### Available records
·····

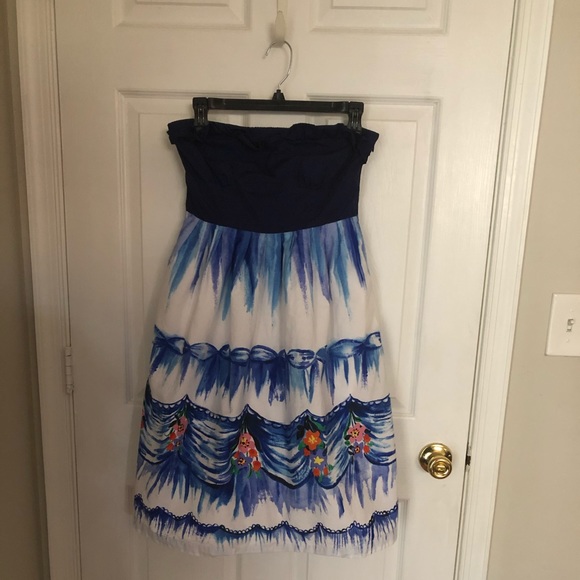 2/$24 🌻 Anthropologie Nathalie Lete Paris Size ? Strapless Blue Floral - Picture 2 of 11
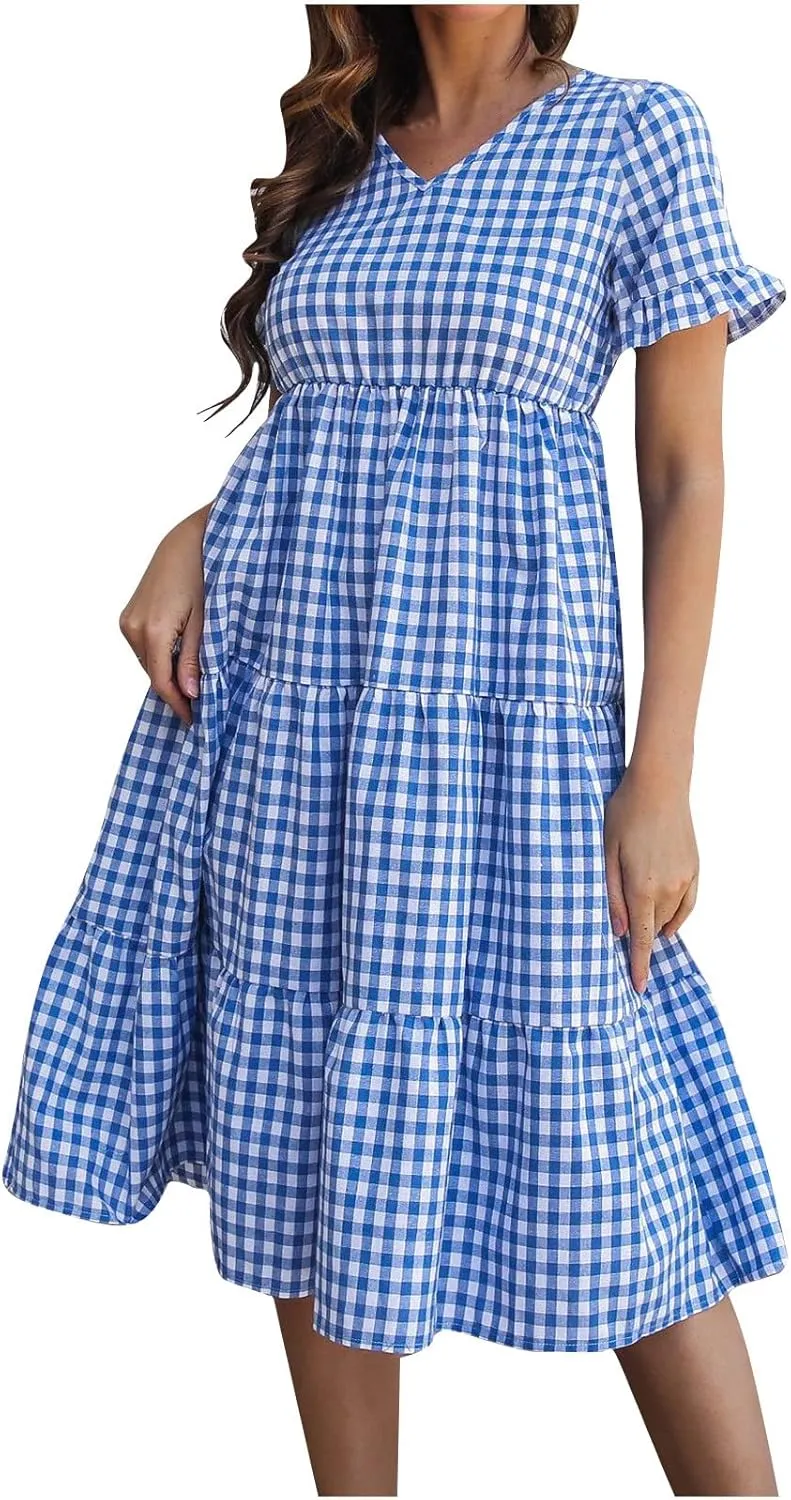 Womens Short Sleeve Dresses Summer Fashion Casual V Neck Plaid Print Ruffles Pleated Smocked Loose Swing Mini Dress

·····

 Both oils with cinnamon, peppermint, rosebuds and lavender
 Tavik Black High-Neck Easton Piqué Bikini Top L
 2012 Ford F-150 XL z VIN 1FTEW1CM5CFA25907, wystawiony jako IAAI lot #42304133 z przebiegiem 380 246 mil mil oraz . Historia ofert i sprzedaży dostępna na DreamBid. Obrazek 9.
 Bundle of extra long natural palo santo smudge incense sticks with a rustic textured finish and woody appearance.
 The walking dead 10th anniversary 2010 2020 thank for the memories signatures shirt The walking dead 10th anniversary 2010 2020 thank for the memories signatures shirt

·····

### Problem to work on
Taking the listing above as the source, transcribe only the lines starting at the line with "Bundle of extra" and going through the line with "signatures shirt The", unaltered and with both ends included.

### Written reply
 Bundle of extra long natural palo santo smudge incense sticks with a rustic textured finish and woody appearance.
 The walking dead 10th anniversary 2010 2020 thank for the memories signatures shirt The walking dead 10th anniversary 2010 2020 thank for the memories signatures shirt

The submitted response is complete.